Stored items from a collection:
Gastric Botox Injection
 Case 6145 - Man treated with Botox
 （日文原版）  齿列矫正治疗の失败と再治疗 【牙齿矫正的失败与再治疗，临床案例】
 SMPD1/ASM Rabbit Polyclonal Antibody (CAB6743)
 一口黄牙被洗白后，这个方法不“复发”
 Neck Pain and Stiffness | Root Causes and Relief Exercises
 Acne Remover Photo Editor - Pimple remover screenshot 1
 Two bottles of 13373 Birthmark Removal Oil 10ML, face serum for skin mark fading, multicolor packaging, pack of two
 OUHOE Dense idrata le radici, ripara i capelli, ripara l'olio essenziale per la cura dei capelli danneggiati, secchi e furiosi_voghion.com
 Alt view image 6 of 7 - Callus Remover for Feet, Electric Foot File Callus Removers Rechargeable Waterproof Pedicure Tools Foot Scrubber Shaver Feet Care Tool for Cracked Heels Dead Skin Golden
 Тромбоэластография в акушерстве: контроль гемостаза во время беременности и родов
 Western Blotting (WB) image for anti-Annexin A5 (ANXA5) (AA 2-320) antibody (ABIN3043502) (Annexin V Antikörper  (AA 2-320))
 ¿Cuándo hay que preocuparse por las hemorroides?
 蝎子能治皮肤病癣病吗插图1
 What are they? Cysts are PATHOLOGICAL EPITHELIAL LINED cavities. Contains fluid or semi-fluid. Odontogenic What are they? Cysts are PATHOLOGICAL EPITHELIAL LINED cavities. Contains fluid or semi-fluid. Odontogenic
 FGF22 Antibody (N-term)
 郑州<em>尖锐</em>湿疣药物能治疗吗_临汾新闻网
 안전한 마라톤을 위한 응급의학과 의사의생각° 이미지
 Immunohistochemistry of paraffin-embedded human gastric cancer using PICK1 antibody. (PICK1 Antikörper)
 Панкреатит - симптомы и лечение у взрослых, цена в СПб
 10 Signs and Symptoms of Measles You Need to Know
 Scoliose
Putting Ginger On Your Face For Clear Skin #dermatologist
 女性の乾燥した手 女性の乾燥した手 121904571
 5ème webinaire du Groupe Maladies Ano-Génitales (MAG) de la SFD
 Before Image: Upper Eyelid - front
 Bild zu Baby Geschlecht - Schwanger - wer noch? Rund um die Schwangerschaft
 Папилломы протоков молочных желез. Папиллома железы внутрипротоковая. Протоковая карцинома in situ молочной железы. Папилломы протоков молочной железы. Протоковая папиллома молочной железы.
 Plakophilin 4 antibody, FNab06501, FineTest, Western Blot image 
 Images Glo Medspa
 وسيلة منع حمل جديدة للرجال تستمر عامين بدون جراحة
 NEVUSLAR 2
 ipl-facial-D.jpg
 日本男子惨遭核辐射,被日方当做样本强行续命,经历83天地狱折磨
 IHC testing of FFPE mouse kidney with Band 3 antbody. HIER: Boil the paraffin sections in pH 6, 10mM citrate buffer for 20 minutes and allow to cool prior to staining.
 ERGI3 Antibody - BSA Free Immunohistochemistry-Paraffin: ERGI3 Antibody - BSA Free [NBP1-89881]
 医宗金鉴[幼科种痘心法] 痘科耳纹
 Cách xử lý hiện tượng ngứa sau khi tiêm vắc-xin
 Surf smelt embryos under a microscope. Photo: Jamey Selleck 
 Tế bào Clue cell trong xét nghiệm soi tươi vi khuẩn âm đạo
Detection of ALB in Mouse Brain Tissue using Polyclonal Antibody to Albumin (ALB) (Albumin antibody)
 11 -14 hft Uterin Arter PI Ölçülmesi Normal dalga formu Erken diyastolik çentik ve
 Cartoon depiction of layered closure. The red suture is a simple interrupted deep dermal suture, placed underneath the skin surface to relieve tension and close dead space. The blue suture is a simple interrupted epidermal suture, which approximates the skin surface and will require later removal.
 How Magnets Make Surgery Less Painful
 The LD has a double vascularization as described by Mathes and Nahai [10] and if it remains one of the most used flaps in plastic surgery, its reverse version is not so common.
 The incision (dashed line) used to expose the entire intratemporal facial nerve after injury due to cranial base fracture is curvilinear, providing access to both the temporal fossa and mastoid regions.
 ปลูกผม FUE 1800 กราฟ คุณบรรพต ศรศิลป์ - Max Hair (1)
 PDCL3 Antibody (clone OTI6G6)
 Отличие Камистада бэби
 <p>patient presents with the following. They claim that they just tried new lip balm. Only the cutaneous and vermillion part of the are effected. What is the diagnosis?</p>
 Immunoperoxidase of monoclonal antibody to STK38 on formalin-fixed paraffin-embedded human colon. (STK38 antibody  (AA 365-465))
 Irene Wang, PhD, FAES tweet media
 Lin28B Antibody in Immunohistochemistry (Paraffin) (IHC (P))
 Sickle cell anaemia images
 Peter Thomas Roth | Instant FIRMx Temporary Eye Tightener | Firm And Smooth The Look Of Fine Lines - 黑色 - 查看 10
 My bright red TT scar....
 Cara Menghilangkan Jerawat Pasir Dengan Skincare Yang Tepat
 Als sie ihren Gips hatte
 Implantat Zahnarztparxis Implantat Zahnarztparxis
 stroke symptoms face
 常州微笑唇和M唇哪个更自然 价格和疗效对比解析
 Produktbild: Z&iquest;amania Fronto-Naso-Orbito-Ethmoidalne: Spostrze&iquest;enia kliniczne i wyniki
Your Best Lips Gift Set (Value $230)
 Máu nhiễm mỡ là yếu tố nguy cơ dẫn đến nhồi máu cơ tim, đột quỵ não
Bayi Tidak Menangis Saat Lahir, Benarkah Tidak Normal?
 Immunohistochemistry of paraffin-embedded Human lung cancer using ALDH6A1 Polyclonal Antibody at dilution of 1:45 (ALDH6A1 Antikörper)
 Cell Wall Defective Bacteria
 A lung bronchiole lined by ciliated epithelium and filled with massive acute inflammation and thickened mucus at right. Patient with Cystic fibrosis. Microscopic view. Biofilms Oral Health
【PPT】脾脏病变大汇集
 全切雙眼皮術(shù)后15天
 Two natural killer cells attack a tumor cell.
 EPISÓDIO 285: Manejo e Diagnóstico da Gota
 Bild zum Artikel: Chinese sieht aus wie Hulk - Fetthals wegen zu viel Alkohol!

WHAT THE EXERCISE ASKS: From the entries above, copy every line that holds the word "they".

RESULT BELOW:
 What are they? Cysts are PATHOLOGICAL EPITHELIAL LINED cavities. Contains fluid or semi-fluid. Odontogenic What are they? Cysts are PATHOLOGICAL EPITHELIAL LINED cavities. Contains fluid or semi-fluid. Odontogenic
 <p>patient presents with the following. They claim that they just tried new lip balm. Only the cutaneous and vermillion part of the are effected. What is the diagnosis?</p>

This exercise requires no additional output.